On Wed, Dec 09, 2020 at 12:05:17PM -0000, Mathew Elman wrote:
> Steven D'Aprano wrote:
> > On Tue, Dec 08, 2020 at 11:46:59AM -0000, Mathew Elman wrote:
> > > I would like to propose adding lazy types for casting
> > > builtins in a 
> > > lazy fashion. e.g. lazy_tuple which creates a reference to the 
> > > source iterable and a morally immutable sequence but only populates 
> > > the tupular container when it or the source is used.
> > > What are your use-cases for this?
> > Does this include things like lazy_list, lazy_float,
> > lazy_bool, 
> > lazy_str, lazy_bytearray etc?
> 
> I would say yes, it should include these types as well. 

> The use case is for when you are casting between types a high number 
> of times to pass them around, especially into another type and back.

I would say, *don't do that*. If you have a list, and you pass it to 
another function after converting to a tuple, why would you take that 
tuple and convert back to a list when you already have a list?

For types like casting back and forth between float and int, there will 
be data loss.

Even if there is not, the overhead of creating a "lazy proxy" to the 
float is probably greater than just converting.

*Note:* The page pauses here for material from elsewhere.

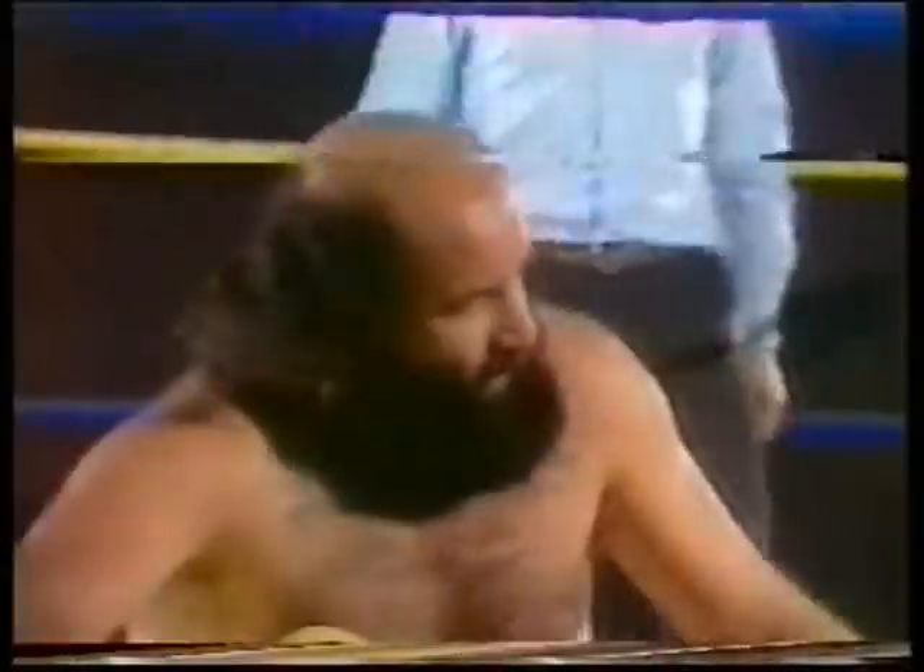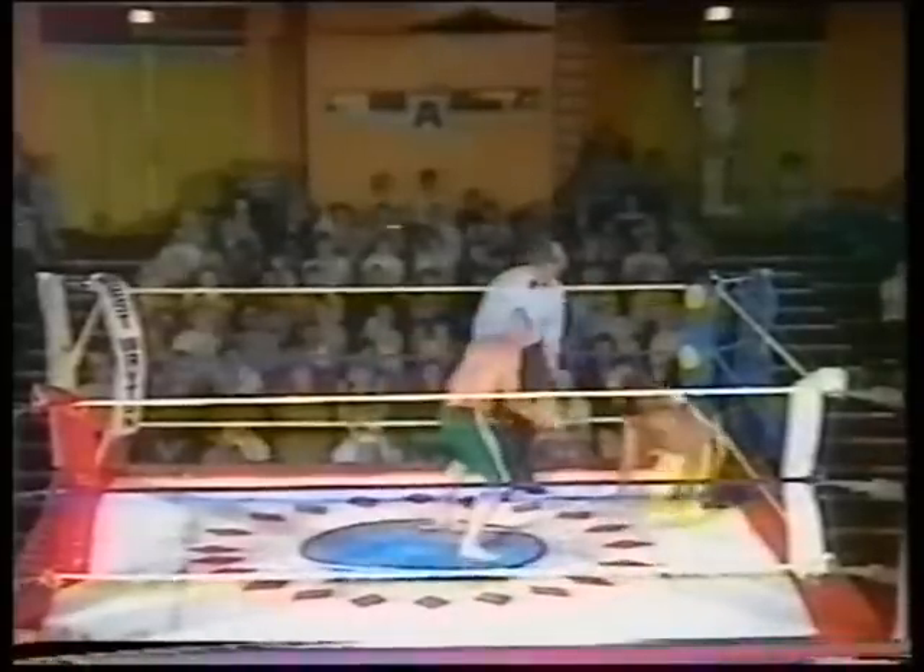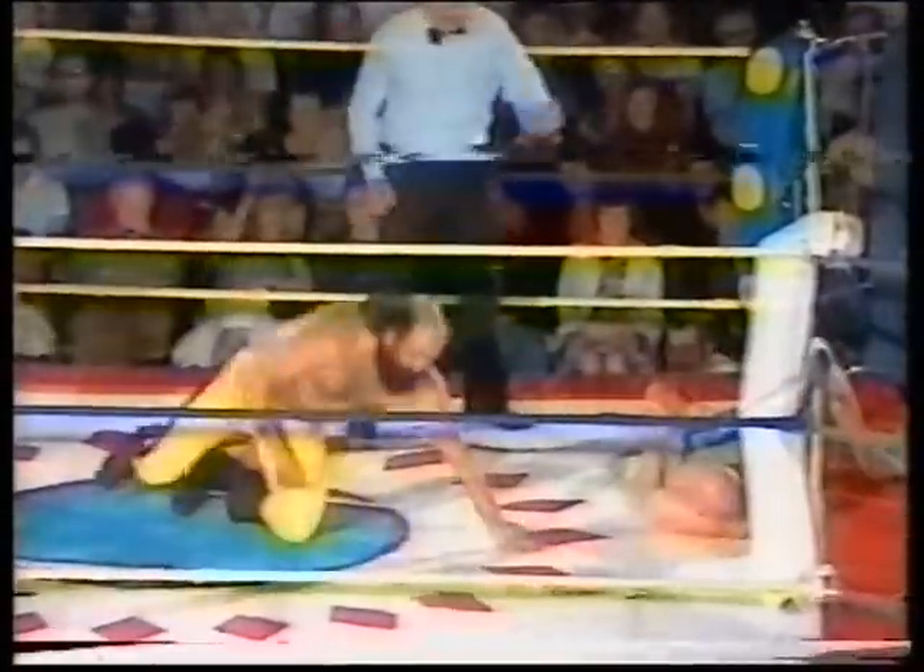He hasn't done the throw yet. There it is. Mulligan's certainly not used to that — can't understand where that's coming from at all. Follow-down cross-brace. Too light, too light, Amanda. Cross-press down. Single-leg Boston, Mulligan.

> > How do these hooks freeze the list?
> 
> they don't freeze the list, they freeze the values in the lazy_tuple 
> when the list is mutated, so when mutating the list, the values in the 
> tuple are set (if they have not been already), so that they aren't 
> also mutated in the lazy_tuple.

How is this supposed to work in practice? Where does the hook live? When 
is it called? What does it do?

How does the lazy tuple know that the list's setitem has been called?